17 Apr 2024 Q&A: What You Need to Know About the 2025 Debt Limit in Budget and Appropriations
What happens if Congress doesn’t raise or further suspend the debt limit ahead of January 1, 2025?
Treasury will begin deploying extraordinary measures and relying on its existing cash on hand on January 2, 2025, following expiration of the current debt limit suspension at midnight on January 1. Eventually, because the federal government is running large deficits, those resources will deplete and the U.S. will cross the X Date, the day on which the federal government will no longer be able to meet all its obligations in full and on time.
What happens when a suspension ends?
When the debt limit is raised, Treasury’s net borrowing—and thereby its cash on hand—is directly constrained by the new limit. In contrast, when a suspension ends, the debt limit is automatically increased by the amount of obligations the U.S. government incurred during the suspension period.
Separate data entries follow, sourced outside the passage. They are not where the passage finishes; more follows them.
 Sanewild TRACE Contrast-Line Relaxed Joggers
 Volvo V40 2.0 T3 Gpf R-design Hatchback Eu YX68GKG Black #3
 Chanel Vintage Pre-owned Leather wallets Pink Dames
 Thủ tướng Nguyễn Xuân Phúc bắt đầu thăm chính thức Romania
Congress limits the increase to “necessary” obligations of the federal government during the suspension period. Several, but not all, recent debt limit suspensions (including the current one established by the Fiscal Responsibility Act of 2023) have also prohibited Treasury from increasing its cash on hand balance “above normal operating balances in anticipation” of the end of the debt limit suspension period.
What does it mean for Treasury to have cash on hand, and how much cash on hand did Treasury have when the last suspension period ended in August 2021?
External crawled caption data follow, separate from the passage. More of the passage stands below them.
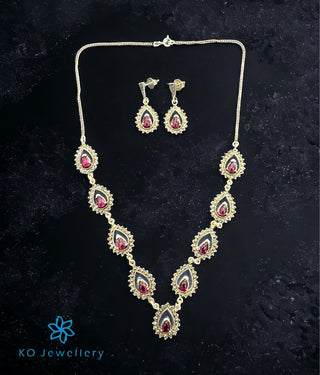 The Eduora Silver Marcasite Necklace & Earrings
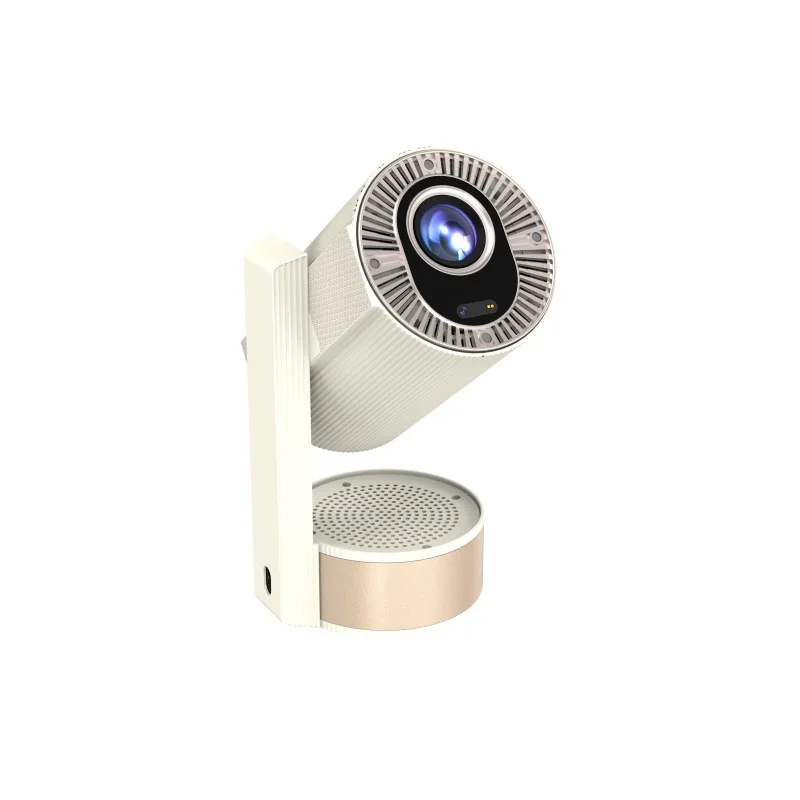 Proyector cilíndrico portátil con autoenfoque, resolución 1080p, para cine en casa. MDUG (blanco, estándar europeo).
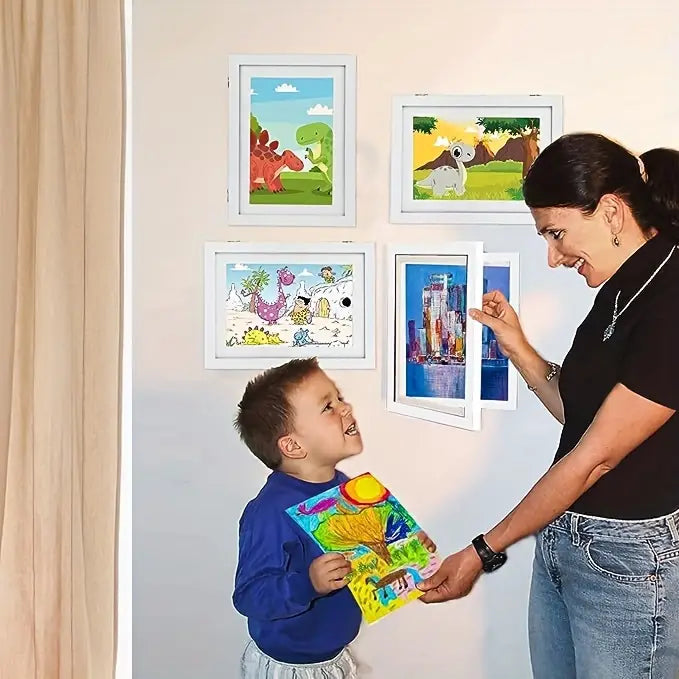 LumiCraft™ Frame — Turn Kid Clutter into Proud, Stylish Wall Art Instantly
Treasury’s cash on hand has become an increasingly important determinant of when the X Date will arrive because, since 2011, Congress has generally shifted from raising the debt limit by a specified amount to suspending the debt limit for a specified period of time. For example, Treasury began deploying extraordinary measures in August 2021 with $459 billion in cash on hand.
What does the newly released 2021 DOJ opinion mean for Treasury’s cash balance?
A recently published 2021 Department of Justice (DOJ) legal opinion for the Department of Treasury offers some indicators of how Treasury has thought about its cash on hand balance in the recent past. DOJ’s Office of Legal Counsel (OLC) informed Treasury that it is allowed to maintain a “standard one-week cash balance, adjusted for uncertainty and risk,” rather than drawing down its cash balances “considerably” as it had when previous debt limit suspension periods were coming to an end.
What does this mean for X Date timing and congressional action?
There is significant uncertainty regarding how much cash on hand Treasury will hold come January 2, 2025—a variable that will have a significant impact on the X Date range. Congress should expeditiously address the debt limit, ideally ahead of the January 2 reinstatement. Waiting to act creates significant financial uncertainty and increases the risk of potentially catastrophic consequences from a default on the government’s obligations.